## SOURCE MATERIAL
◆ ◆ ◆

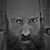 Joshua Jeremiah Mandle's profile image
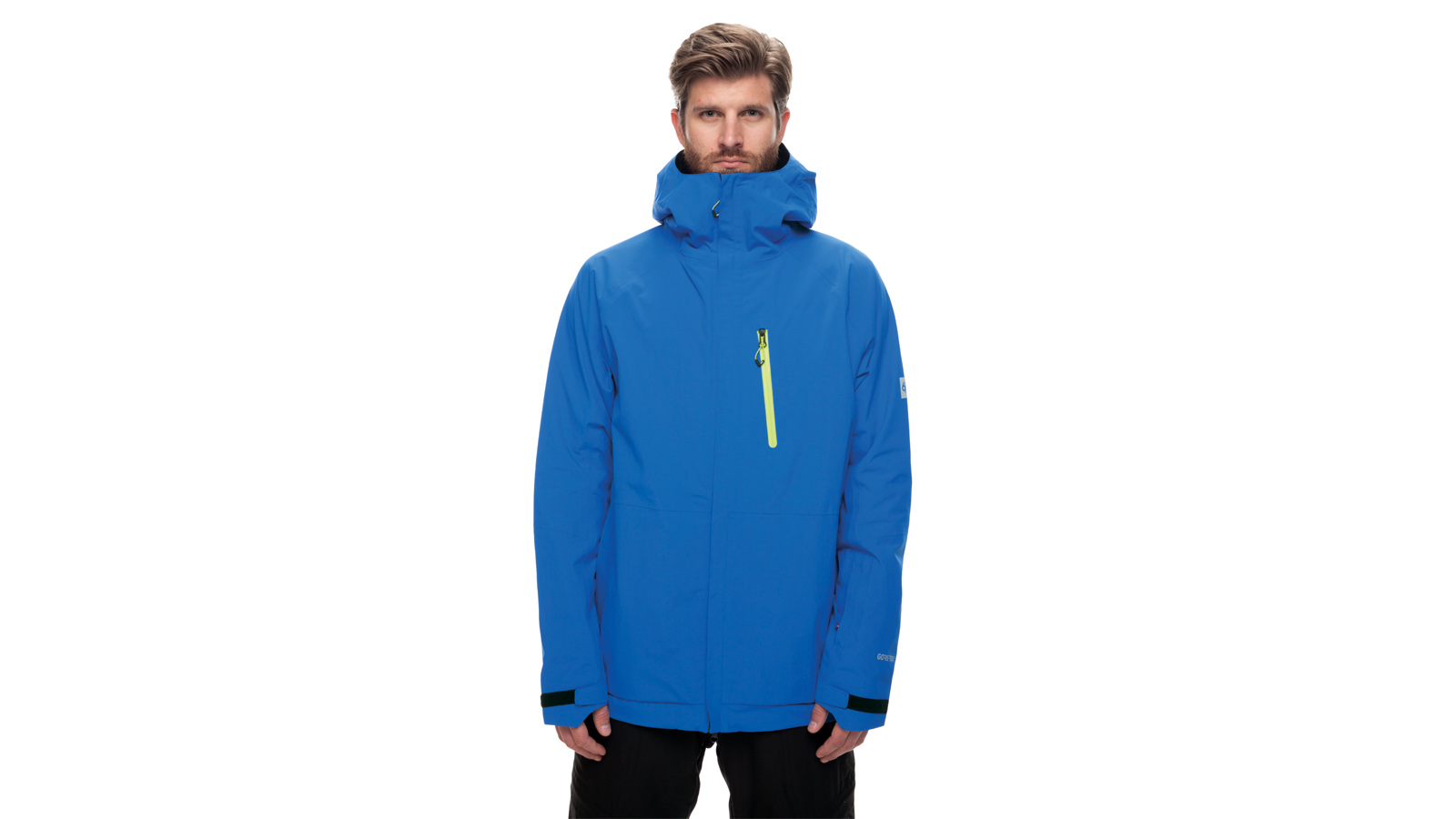 Men's GoreTex GT Cobalt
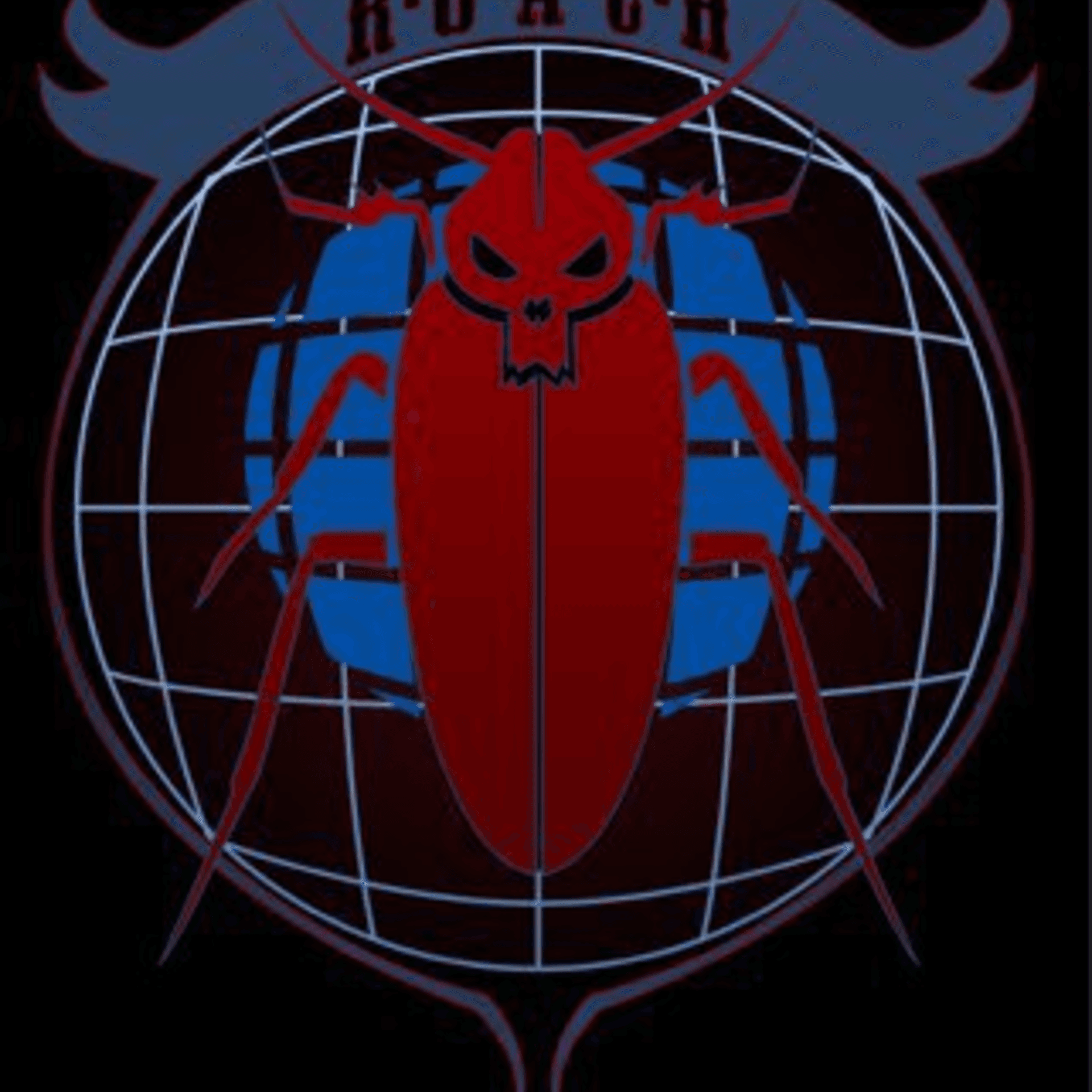 Mind Games w/ Agent Wraith - Podcasts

◆ ◆ ◆

Every line of the listing is to be repeated exactly, and the pictures are to be dropped.

## EXERCISE RESULT
 Joshua Jeremiah Mandle's profile image
 Men's GoreTex GT Cobalt
 Mind Games w/ Agent Wraith - Podcasts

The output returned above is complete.